不信任決議案は本来なら野党が結束して臨むべきものだ。にもかかわらず、足並みは全くそろわなかった。与党と対峙(たいじ)するにはあまりに迫力を欠いている。

 岸田内閣と細田博之衆院議長に対する不信任決議案が衆院にそれぞれ提出され、9日、与党などの反対多数で否決された。

 両案とも立憲民主、社民両党が提出し、共産党が賛成した。

 内閣不信任案は政権と対決する野党の切り札だ。趣旨弁明で立民は、物価高対策を巡り「国民生活の苦境を放置するのは許されない。経済無策だ」と批判した。

 今国会はウクライナ危機で与野党が結束した対応を迫られる場面が多かった。野党第1党の立民には、22日公示が想定される参院選に向け、与党との対決色を示す意図があったに違いない。

 自民党は「選挙目当て」と即座に否決した。

 しかし、同じ野党である日本維新の会、国民民主党も「政治空白をつくることは国民のためにならない」などとして立民を非難し、反対に回った。

 参院選を前に、支持率の高い岸田政権を批判することは得策でないという判断もあるだろう。

 ただし、不信任案に反対することは政権を信任することとも受け取れる。
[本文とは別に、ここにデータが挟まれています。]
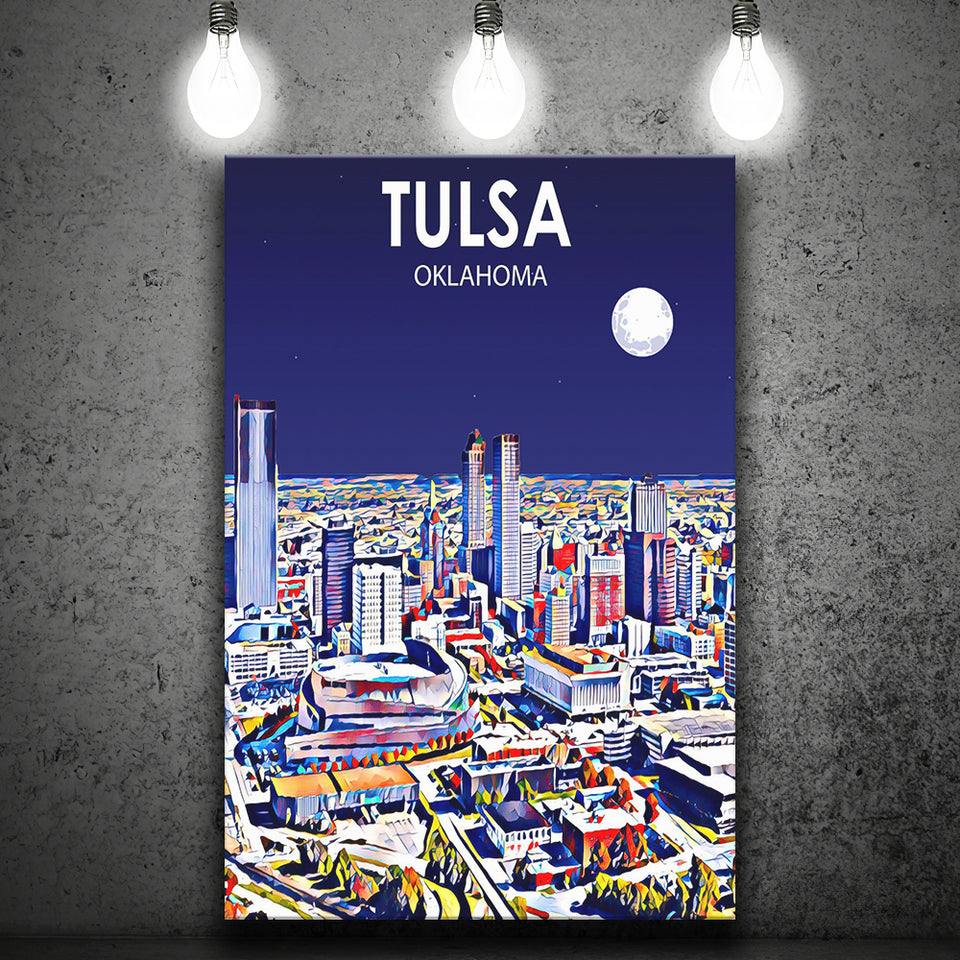 Tulsa OK Art V1 ,City Art Print, Large Canvas, Canvas Print Wall Art Home Decor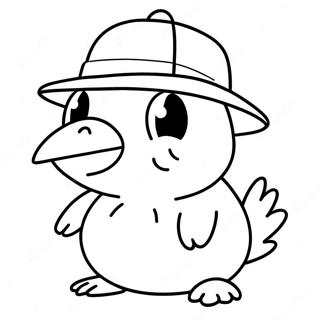 Pagina Para Colorir Do Psyduck Engracado Com Um Chapeu 34453-28704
野党として両党は国民にどう説明するのか。

 立民も野党をまとめる力のなさを露呈し、参院選の課題を浮き彫りにしたといえる。

 一方、細田議長不信任案の提出は、週刊誌で報じられたセクハラ疑惑への説明責任を果たしていないことが理由だ。

 衆院小選挙区定数「10増10減」に否定的な発言や、議員定数増の主張も問題視し、「国会の議論で決めた議員定数や歳費などを否定し、立法府をないがしろにしている」と指弾した。

 セクハラ疑惑について、細田氏は「事実無根」として週刊誌側に抗議文を送ったというが、公の場で説明しなくてはいけない。

 10増10減発言には、議長経験者も「最高裁の判断を無視すれば司法の権威、国会の見識が問われる」と疑問を投げ掛けている。

 1票の格差の意義を理解していないのではないか。立法府の長としての資質を疑う。

 採決に当たり、自民党は「週刊誌報道に便乗した不信任案は全く理解に苦しむ」と述べ、立民を批判した。野党の維新、国民、れいわ新選組は棄権した。

 与党だけでなく、棄権した野党3党は問題に向き合おうとせず、国会の議論を軽んじるような議長の姿勢を許したことになる。うやむやにしてはならない。

 岸田文雄首相はこの問題を「議長が適切に対応されると思っている」と傍観するのではなく、議長に推薦した自民党の総裁として、きちんと対応するべきだ。